Sustainable science means leaving no result behind. Only then can research truly honor its resources, funders, and above all, its patients.
Learn more about advancing sustainable medical writing with Medtextpert!
References
1 Udesky L. Researchers value null results, but struggle to publish them. Nature. Published online July 22, 2025. doi:10.1038/d41586-025-02312-4.
2 Speich B, Gryaznov D, Busse JW, et al. Nonregistration, discontinuation, and nonpublication of randomized trials: A repeated metaresearch analysis. PLoS Med. 2022;19(4):e1003980. Published 2022 Apr 27. doi:10.1371/journal.pmed.1003980.
3 Rees CA, Pica N, Monuteaux MC, Bourgeois FT. Noncompletion and nonpublication of trials studying rare diseases: A cross-sectional analysis. PLoS Med. 2019;16(11):e1002966. Published 2019 Nov 21. doi:10.1371/journal.pmed.1002966.
4 Franco A, Malhotra N, Simonovits G. Publication bias in the social sciences: Unlocking the file drawer. Science. 2014 Sep 19;345(6203):1502–1505. doi:10.1126/science.1255484.
5 Cobey KD, Ebrahimzadeh S, Page MJ, Thibault RT, Nguyen P-Y, Abu-Dalfa F, et al. Biomedical researchers’ perspectives on the reproducibility of research. PLoS Biology. 2024 Nov 5;22(11):e3002870. doi:10.1371/journal.pbio.3002870.

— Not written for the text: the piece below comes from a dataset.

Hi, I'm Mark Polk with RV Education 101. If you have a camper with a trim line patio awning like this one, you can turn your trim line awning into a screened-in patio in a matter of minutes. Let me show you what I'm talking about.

6 Journal of Pharmaceutical Negative Results. https://www.pnrjournal.com. Accessed August 22, 2025.
7 Journal of Negative Results in Ecology and Evolutionary Biology. https://www.jnr-eeb.org. Accessed August 22, 2025.
8 Enago Academy. Top 10 Journals to Publish Your Negative Results. https://www.enago.com/academy/top-10-journals-publish-negative-results/amp/. Accessed August 22, 2025.
9 Nature. Collection: Negative results in research. https://www.nature.com/collections/gcifjebabg. Accessed August 22, 2025.
10 ZonMw. Journals for Publishing Negative or Neutral Results. https://www.zonmw.nl/sites/zonmw/files/typo3-migrated-files/Journals_for_publishing_negative_or_neutral_results.pdf. Accessed August 22, 2025.
Acknowledgement:
We utilised Generative AI (e.g., Perplexity, ChatGPT) for assistance with structure, content suggestions, and rephrasing. AI-generated text was thoroughly reviewed and edited as needed.
On a personal note:
This article is not intended to be exhaustive but rather to share a personal perspective shaped by my own experience. It was inspired by a recent comment I made on LinkedIn and reflects a concern I have carried for many years: the loss and underuse of valuable research data. Too often, findings remain unpublished, are overlooked for non-scientific reasons, or are duplicated through grant applications on topics already extensively studied. Addressing these issues, I believe, is essential for making science more transparent, efficient, and sustainable.